Systems and methods for document analysis include identifying candidates in a corpus matching a requested expression. String kernel features are extracted for each candidate. Each candidate is classified according to the string kernel features using a machine learning model. A report is generated that identifies instances of the requested expression in the corpus that match a requested class.

Description

    RELATED APPLICATION INFORMATION
  • This application claims priority to U.S. Patent Application No. 62/324,513 filed on Apr. 19, 2016, incorporated herein by reference in its entirety.
  • BACKGROUND Technical Field
  • The present invention relates to natural language processing and, more particularly, to the extraction and categorization of information in patient medical histories.
  • Description of the Related Art
  • Electronic medical records are becoming a standard in maintaining healthcare information. There is a great deal of information in such records that can potentially help medical scientists, doctors, and patients to improve the quality of care. However, going through large volumes of electronic medical records and finding the information of interest can be an enormous undertaking.
  • One challenge in mining medical records is that a significant amount of data is stored as unstructured natural language text, which depends on the unsolved problem of natural language understanding. Furthermore, the information may be recorded in a relatively informal way, using incomplete sentences, jargon, and unmarked data, making it difficult to use general purpose natural language processing solutions.
  • SUMMARY
  • A method for document analysis includes identifying candidates in a corpus matching a requested expression. String kernel features are extracted for each candidate. Each candidate is classified according to the string kernel features using a machine learning model. A report is generated that identifies instances of the requested expression in the corpus that match a requested class.
  • A system for document analysis includes a feature extraction module configured to identify candidates in a corpus matching a requested expression and to extract string kernel features for each candidate. A classifying module has a processor configured to classify each candidate according to the string kernel features using a machine learning model. A report module is configured to generate a report that identifies instances of the requested expression in the corpus that match a requested class.
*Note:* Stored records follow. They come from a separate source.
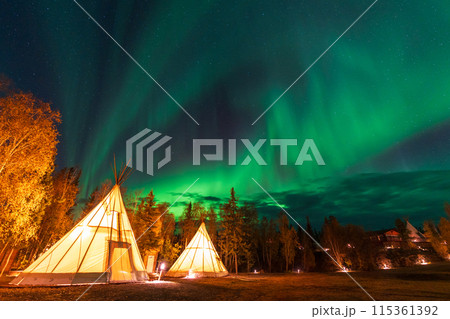 Amazing northern lights dancing over the light up Tipi or Tepees at Aurora Village in Yellowknife, Northwest Territories, Canada. 115361392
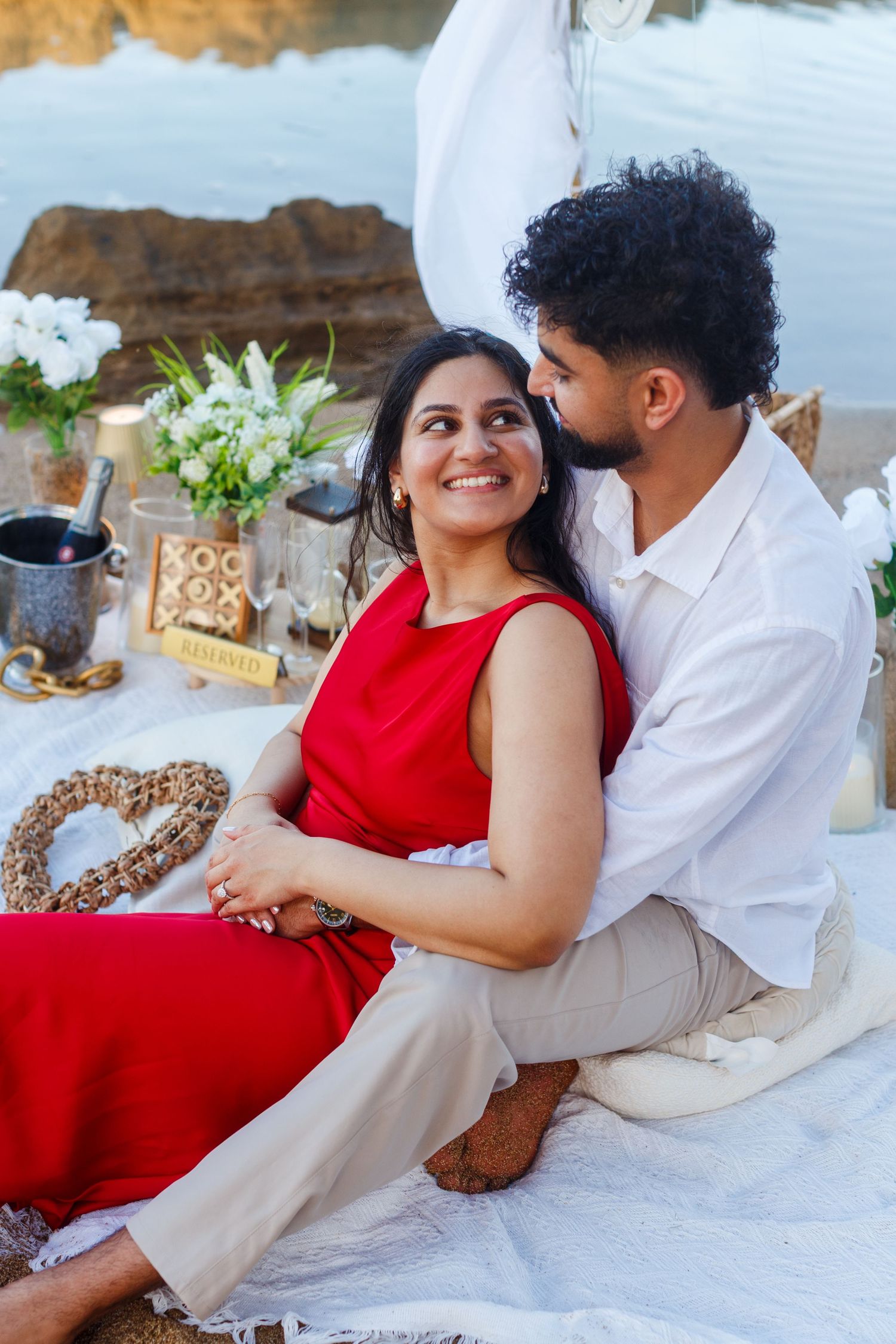 Couples portrait. Proposal and engagement session. Man and woman seated on the beach.  Kikita Surf Beach, Dorado, Puerto Rico.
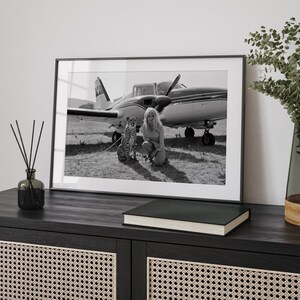 A framed black and white photograph of a woman and a cat, with a small airplane in the background, is displayed on a wooden cabinet.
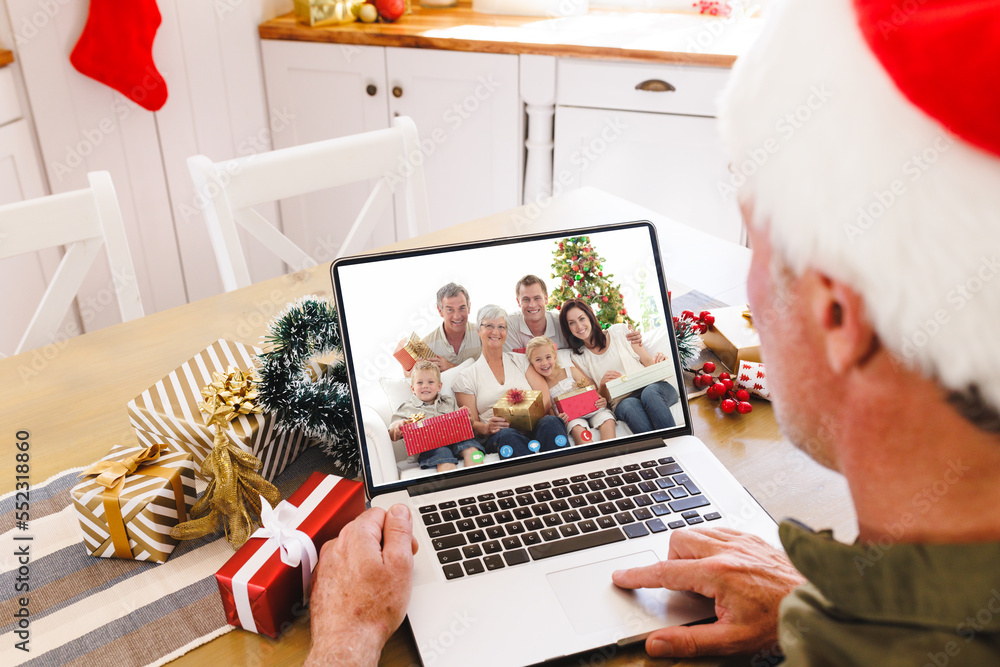 Sticker Senior caucasian man having christmas video call with caucasian family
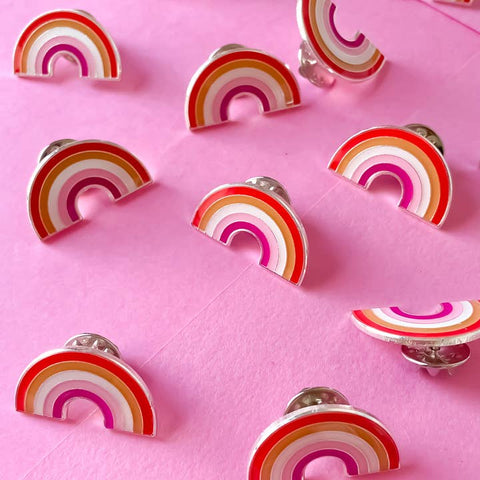 Rainbow-shaped pins on a pink background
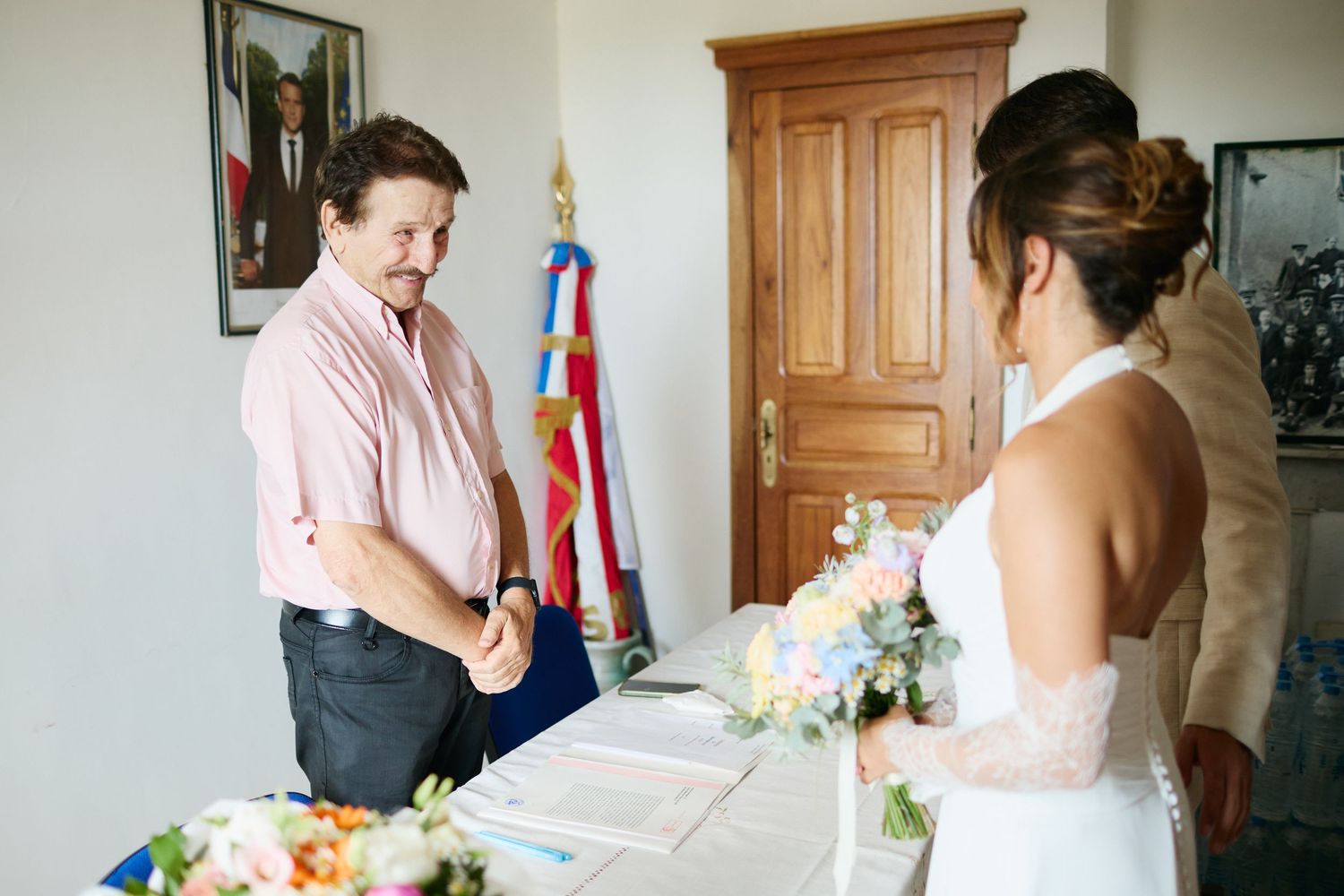Officiant stands with bride holding pastel bouquet during intimate civil wedding ceremony.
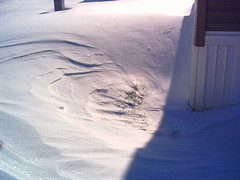 wind sculpted drift around the corner of a house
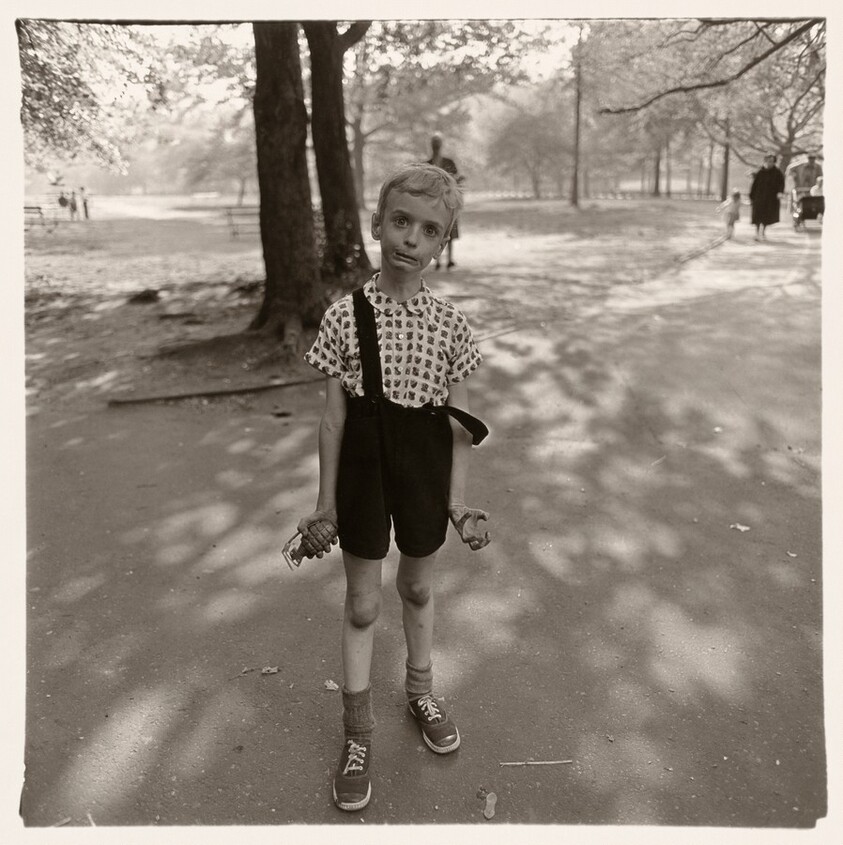 Child with toy hand grenade, N.Y.C. 1962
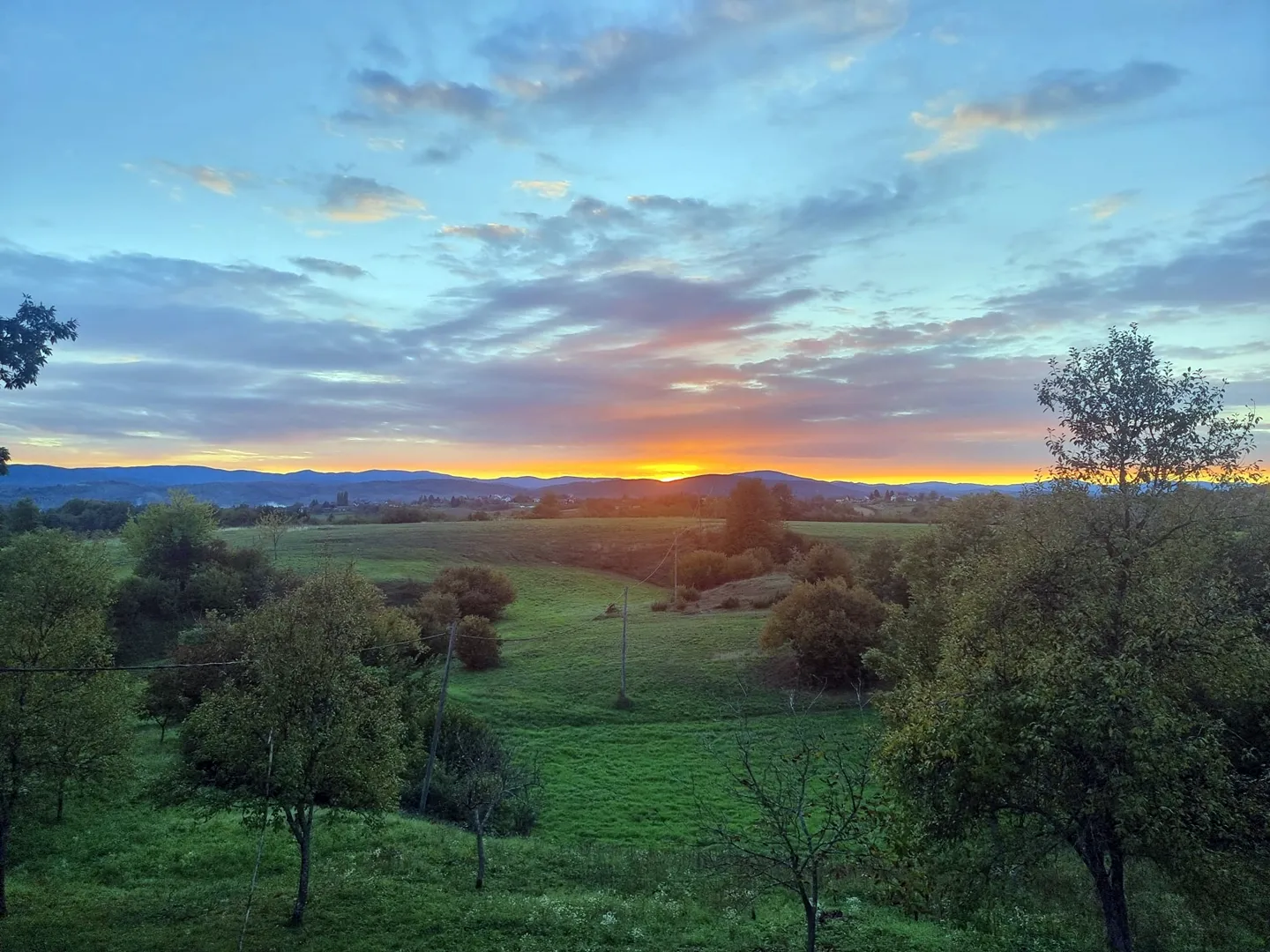 The valley at blue hour with sunset glow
  • These and other features and advantages will become apparent from the following detailed description of illustrative embodiments thereof, which is to be read in connection with the accompanying drawings.
  • BRIEF DESCRIPTION OF DRAWINGS
  • The disclosure will provide details in the following description of preferred embodiments with reference to the following figures wherein:
  • FIG. 1 is a block/flow diagram of a method for analyzing text documents in accordance with one embodiment of the present invention;
  • FIG. 2 is a block/flow diagram of a method for training a machine learning model for analyzing text documents in accordance with one embodiment of the present invention;
  • FIG. 3 is a block diagram of a medical record analysis system in accordance with one embodiment of the present invention; and
  • FIG. 4 is a processing system in accordance with one embodiment of the present invention.
  • DETAILED DESCRIPTION OF PREFERRED EMBODIMENTS
  • Embodiments of the present invention perform natural language processing of documents such as electronic medical records, classifying particular features according to one or more categories. To accomplish this, the present embodiments use processes described herein, including string kernels and skip-grams. In particular embodiments, electronic medical records are used to extract a patient's medical history, differentiating such information from other types of information.
  • The medical history is one of the most important types of information stored in electronic medical records, relating to the diagnoses and treatments of a patient. Extracting such information greatly reduces the time a medical practitioner needs to review the medical records. The present embodiments provide, e.g., disorder identification by not only extracting mentions of a disorder from the medical records, but also making distinctions between mentions relating specifically to the patient and mentions relating to others. This problem arises because a disorder can be mentioned for various reasons, not just relating to medical conditions of a patient, but also including medical conditions that the patient does not have, the medical history of the patient's family members, and other cases such as the description of potential side effects. The present embodiments distinguish between these different uses.
  • Toward that end, the present embodiments make use of rule-based classification and machine learning. A string kernel process is used on raw record text. Machine learning is then used to classify the output of the string kernel process to classify a given disorder mention with respect to whether or not the mention relates to a disorder that the patient has.
  • It should be noted that, although the present embodiments are described with respect to the specific context of processing electronic medical records, they may be applied with equal effectiveness to any type of unstructured text. The present embodiments should therefore not be interpreted as being limited to any particular document format or content.
  • Referring now in detail to the figures in which like numerals represent the same or similar elements and initially to FIG. 1, a high-level system/method for natural language processing is illustratively depicted in accordance with one embodiment of the present principles. Block 102 trains a machine learning model. This training process will be described in greater detail below and creates a classifier that distinguishes between different categories for a candidate word or phrase based on extracted string kernel features.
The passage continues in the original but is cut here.